Vale… te voy a contar la verdad.
Este calendario de Adviento nació en Filipinas.
Sí, en serio.
Estábamos por allí en noviembre, después de un año intenso, y de repente Sandra suelta:
“¿Y si hacemos un calendario de Adviento?
Es un lío… pero puede estar guay.”
Y claro, conociéndome, ya sabes lo que pasó:
me quedé pensando… y la idea se me metió en la cabeza.
Cuando volvimos, Lorena y yo fuimos a pasar el finde a casa de Ari, en Zaragoza.
Sandra llegaba desde Chiclana.
Un fin de semana entre amigos, risas, cervezas y buena comida española
(ya estaba un poco saturado de tanta comida filipina 😅).

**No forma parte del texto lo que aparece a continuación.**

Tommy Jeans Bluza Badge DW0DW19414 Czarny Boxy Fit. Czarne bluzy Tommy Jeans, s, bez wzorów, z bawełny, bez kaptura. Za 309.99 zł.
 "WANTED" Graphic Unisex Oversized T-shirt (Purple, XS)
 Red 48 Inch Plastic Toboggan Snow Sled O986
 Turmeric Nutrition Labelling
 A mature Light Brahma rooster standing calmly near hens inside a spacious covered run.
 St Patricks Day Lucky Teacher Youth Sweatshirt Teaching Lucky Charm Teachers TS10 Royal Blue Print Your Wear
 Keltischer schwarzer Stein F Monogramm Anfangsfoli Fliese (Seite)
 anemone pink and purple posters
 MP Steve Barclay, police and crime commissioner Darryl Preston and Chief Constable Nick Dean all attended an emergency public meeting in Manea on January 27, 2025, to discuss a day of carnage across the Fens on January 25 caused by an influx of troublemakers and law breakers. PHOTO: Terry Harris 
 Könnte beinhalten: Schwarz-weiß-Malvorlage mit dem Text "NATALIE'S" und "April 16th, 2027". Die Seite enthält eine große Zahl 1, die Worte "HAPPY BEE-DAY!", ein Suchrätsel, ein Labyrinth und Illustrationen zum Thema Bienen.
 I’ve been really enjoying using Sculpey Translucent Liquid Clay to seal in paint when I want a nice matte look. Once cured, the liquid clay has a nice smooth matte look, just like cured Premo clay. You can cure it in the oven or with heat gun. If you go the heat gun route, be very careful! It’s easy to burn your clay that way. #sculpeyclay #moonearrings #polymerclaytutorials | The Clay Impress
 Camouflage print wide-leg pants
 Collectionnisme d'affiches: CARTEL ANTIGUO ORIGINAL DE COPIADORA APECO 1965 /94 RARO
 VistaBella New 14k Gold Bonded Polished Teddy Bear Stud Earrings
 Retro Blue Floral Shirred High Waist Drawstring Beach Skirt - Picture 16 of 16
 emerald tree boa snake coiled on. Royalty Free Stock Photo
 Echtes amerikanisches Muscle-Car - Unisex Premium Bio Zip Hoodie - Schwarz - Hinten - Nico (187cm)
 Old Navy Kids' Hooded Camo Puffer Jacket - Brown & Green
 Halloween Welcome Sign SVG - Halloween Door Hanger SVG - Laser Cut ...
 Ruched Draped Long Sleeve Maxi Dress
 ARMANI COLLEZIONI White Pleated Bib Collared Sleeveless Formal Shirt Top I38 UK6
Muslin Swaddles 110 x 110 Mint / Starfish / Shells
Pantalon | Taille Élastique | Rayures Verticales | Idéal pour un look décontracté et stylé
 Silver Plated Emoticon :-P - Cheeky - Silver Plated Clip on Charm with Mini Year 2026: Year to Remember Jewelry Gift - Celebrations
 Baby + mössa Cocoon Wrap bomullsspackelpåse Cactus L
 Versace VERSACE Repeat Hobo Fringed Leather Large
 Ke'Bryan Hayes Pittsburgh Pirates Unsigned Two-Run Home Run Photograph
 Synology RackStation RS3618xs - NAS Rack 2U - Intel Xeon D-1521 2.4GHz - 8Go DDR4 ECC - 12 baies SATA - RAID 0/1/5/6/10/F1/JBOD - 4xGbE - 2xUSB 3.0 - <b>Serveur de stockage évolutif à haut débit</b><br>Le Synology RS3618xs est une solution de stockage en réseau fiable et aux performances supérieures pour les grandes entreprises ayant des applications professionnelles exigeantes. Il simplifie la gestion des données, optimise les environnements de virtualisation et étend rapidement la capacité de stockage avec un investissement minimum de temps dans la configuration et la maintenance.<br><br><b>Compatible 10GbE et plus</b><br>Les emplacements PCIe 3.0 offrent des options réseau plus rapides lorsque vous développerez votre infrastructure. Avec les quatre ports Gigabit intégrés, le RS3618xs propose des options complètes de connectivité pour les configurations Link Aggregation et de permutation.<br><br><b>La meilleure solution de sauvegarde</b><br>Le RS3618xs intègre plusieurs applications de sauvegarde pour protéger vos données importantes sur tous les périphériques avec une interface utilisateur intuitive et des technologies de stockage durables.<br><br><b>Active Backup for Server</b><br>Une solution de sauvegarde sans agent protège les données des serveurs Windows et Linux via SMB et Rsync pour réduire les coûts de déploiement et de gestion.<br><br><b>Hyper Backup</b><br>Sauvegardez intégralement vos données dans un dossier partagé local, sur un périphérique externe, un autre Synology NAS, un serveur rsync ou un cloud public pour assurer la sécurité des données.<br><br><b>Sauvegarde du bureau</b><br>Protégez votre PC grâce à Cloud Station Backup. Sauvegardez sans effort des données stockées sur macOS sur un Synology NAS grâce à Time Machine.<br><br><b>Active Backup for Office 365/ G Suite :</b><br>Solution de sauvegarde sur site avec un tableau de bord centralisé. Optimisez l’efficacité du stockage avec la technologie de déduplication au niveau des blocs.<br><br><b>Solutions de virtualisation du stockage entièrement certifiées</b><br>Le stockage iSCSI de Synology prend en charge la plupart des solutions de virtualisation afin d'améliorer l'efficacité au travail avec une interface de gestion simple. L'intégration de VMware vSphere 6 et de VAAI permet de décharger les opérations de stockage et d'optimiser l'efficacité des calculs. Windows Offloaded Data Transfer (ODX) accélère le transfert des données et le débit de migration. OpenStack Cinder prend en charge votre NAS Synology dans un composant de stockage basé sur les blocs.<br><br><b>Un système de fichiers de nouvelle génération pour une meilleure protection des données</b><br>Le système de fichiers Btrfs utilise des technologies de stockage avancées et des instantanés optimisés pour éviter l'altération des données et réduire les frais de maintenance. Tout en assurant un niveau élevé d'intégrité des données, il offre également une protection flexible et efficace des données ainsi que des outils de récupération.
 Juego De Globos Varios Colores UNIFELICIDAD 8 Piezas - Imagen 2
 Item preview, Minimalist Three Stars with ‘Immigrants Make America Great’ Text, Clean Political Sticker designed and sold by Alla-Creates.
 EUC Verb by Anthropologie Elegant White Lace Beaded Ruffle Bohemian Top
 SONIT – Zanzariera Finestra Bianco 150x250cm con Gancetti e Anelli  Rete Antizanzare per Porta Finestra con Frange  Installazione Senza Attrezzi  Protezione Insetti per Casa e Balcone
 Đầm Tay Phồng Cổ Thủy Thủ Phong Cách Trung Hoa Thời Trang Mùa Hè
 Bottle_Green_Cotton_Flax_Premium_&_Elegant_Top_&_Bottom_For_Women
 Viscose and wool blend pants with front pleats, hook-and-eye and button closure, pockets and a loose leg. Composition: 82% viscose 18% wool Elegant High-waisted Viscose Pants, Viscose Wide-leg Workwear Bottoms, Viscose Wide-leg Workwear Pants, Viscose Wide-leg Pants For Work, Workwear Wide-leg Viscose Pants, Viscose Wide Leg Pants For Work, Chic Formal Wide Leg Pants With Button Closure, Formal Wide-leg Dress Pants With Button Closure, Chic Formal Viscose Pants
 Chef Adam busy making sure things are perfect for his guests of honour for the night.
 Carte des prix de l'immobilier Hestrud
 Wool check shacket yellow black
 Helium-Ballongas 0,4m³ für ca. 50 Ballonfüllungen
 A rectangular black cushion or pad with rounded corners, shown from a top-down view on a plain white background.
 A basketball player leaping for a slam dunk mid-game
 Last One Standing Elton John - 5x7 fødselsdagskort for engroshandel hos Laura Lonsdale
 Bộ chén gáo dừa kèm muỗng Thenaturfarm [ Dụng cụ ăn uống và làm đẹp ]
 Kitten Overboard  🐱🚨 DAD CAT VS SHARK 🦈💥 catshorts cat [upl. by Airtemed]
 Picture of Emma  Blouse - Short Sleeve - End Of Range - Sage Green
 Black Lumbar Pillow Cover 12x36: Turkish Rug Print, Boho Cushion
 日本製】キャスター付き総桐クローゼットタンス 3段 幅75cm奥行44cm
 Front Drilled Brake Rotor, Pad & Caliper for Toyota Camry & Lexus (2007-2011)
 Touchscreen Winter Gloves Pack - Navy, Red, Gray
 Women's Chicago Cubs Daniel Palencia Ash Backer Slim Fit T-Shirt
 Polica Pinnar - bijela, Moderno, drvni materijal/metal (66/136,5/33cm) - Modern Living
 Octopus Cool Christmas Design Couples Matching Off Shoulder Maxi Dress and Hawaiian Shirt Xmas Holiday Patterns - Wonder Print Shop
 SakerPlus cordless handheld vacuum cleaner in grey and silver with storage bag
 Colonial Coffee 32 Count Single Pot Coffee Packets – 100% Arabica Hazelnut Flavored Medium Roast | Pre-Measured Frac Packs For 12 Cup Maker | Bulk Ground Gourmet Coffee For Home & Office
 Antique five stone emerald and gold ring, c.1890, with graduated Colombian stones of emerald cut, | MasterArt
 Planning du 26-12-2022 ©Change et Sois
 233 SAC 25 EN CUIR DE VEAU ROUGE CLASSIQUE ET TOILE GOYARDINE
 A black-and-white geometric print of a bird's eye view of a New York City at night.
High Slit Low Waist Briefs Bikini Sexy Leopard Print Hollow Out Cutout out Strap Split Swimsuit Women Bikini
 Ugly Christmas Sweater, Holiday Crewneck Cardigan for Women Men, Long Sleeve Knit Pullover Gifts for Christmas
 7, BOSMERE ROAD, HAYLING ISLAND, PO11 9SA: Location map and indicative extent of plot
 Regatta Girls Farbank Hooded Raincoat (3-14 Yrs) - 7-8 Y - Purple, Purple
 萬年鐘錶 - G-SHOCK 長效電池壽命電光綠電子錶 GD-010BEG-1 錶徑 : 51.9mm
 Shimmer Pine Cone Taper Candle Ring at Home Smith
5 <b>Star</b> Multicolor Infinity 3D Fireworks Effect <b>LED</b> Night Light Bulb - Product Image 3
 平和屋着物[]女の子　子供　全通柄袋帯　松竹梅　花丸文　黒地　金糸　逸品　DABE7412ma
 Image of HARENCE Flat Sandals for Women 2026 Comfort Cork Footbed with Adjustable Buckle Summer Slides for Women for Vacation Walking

Y el domingo por la mañana, antes de ir a desayunar con la familia de Ari,
Sandra y yo estábamos en el sofá.
Ella me dijo:
“¿Miramos lo del calendario?”
Le solté un par de ideas que había tenido… y me miró con cara de “meh”.
La verdad, a mí tampoco me convencían.
Así que me fui a duchar.
Y fue ahí, con el agua cayendo, donde me vino la chispa.
Salí con el pelo chorreando gritando:
“¡Sandra, lo tengo!”
Ella se estaba alisando el pelo y me miró con cara de susto.
Le dije:
“Y si contamos la historia de cómo creamos La Tienda de Buceo, desde el principio.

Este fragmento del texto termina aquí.